Hello Sophie… welcome to GameChanger and that is a fantastic discussion to start off on our Community.
Lemme try route some experience here.
Hi @SophieHurst
Welcome to the Gamechanger Community at Gainsight!
On your question, I’m wondering how your finance/accounting department would track?
Im probably misunderstanding, but it seems like you wouldnt have an accurate calculation if you logged the full amount. Ill use a Gainsight example:
- Customer has 10 user licenses and needs 5 more at month 6.
- Upsell opp would be prorated and billed for 50% of the annual cost of 5 licenses
- At the renewal date, we would renew for 15 licenses for a year
Does that help?
Hi @tyler_mcnally
Thanks so much for your reply!
Finance/Accounting isn’t responsible for monitoring NRR, it’s up to me as the CS leader to calculate and report.
The scenario you mentioned definitely looks like my ‘for pro-rated’ argument in my original post. I suppose what’s stopping me is that logging the pro-rated upsell is not representative of the actual size of the upsell. E.g.
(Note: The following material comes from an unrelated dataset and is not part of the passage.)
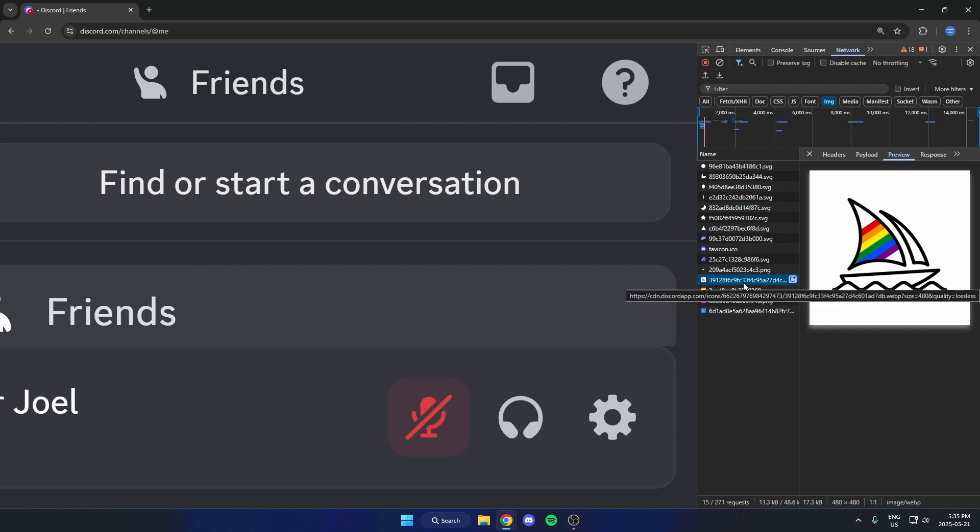So if I click on that, then over on the right here, if I have Preview selected, I'm able to see the server icon right here.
Upsell A could be worth $12000 for a full year but only be for 2 months so showing as $1000, Upsell B could be worth $6000 for a full year but be for 6 months so show as $3000, appearing like a bigger upsell.
I hope that makes sense - maybe I’m overthinking!
Hi @SophieHurst
Love that you are stepping in to showcase the impact CS is having on NRR!!!!
Digging in a bit more…
Would the expansion be cotermed with the existing contract?
Current Contract:
- 10 licenses, 100 per license per month, 12 month duration = 12,000 annual contract value (ACV)
- 6 months left
Expansion contract:
- 5 licenses, 100 per license per month,
- If co-termed, it would be a 6 month contract = $3,000 ACV
- If not co-termed, it would be a 12 month contract = $6,000 ACV
Long-term approach usually is to coterm - simplifies/speeds up contracting with customers and avoids a lot of complexity with financial reporting - but it’s not a big issue if that isnt the approach you take today.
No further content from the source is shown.